In Guyana and Trinidad this was due to the large presence of a non-Christian Indian middle class that challenged the MCC for state power. In Grenada, the ruling party was essentially a multi-class affair with elements from the peasantry, proletariat and middle class. In Grenada the MCC influence was tiny. The Bahamas was the only country in the British West Indies where the MCC’s hold on political parties was not dominant.
Theatre was made functional in the BWI by the colonial administration. In the case of Guyana, the Booker plantocracy pioneered theatre. An excellent work on how the colonial administration and the MCC in Guyana started theatre has been done by a White administrator of Bookers, Frank Thomassen. The book is entitled, “A History of Theatre in Guyana: 1800-2000.”
Thomassen did not employ class analysis in his book but this voluminous study is very rich on the role of the MCC in theatre in Guyana. As class changes began in the ruling parties of the post-colonial Caribbean, the MCC began to move away from theatre and string band music.
In Jamaica, in the 1970s the two main rivals – JLP and PNP and in Barbados, the two giants – DLM and BLP began to lose their MCC domination with leaders coming into the hierarchy of their respective parties who were less light-complexioned. The case of PJ Patterson in Jamaica and Keith Rowley in Trinidad are perhaps the best examples. In Guyana, a radical class shift took place under President Burnham which alienated the MCC.
As political parties in the Caribbean began to undergo class transformation and with the strong possibility of Indian government in Guyana and Trinidad, the MCC began to lose its appetite for theatre because of the instincts of colour and class and basically opted out theatre, music and literature. Jamaican cinema could not find MCC actors for some of its outstanding movies beginning with Jimmy Cliff’s “The Harder They Come” through to “Smile Orange”, Dancehall Queen”, and Third World Cop.”
As CARICOM nations began to experience class changes because of certain dynamics including: The global popularity of reggae from Jamaica; Jamaica’s experimentation with Manleyite socialism; an attempted military coup in Trinidad; a Muslim inspired takeover of the Trinidadian parliament; a Marxist revolution in Grenada; a military coup in Surinam; a semi-socialist autocracy in Guyana; and the American ideological influence of Black power, the West Indies began to experience class and colour shift in totality. People of dark complexion, though still from the middle class began to become more pronounced.
As a reaction to this, the MCC began to withdraw from theatre. The national dance schools in the big CARICOM territories consisted mostly of students who were certainly not of mixed race or light in complexion.
It was unthinkable for MCC personalities to want to remain in theatre and rub shoulders with the darker folks. In Guyana, political upheavals under Burnham and the murder of Walter Rodney saw a substantial number of MCC folks leaving for foreign lands.
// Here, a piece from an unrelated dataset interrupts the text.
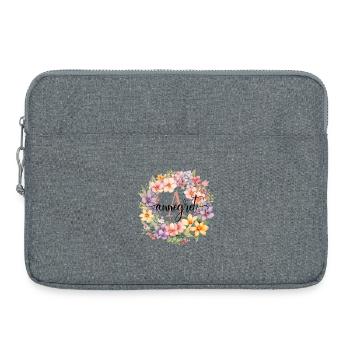 A| Monogram | Name | Annegret | Watercolor | Colorful - Laptop bag 15" - heather grey - Front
As a consequence of these class changes in the Caribbean, the makers of the Marley biopic simply could not find an actor from theatre or cinema in Jamaica who had the complexion of Bob Marley who was half-White, half African. Long gone from the Caribbean are MCC actors in plays and films.
Perhaps the last successful episode of the MCC era was the Guyana- made movie “Mustard Bath” which starred a quintessential MCC personality – Dr. Alissa Trotz. If there is going to be another Guyanese film, with a Guyanese lead actor, the producers will have to accept dark skin.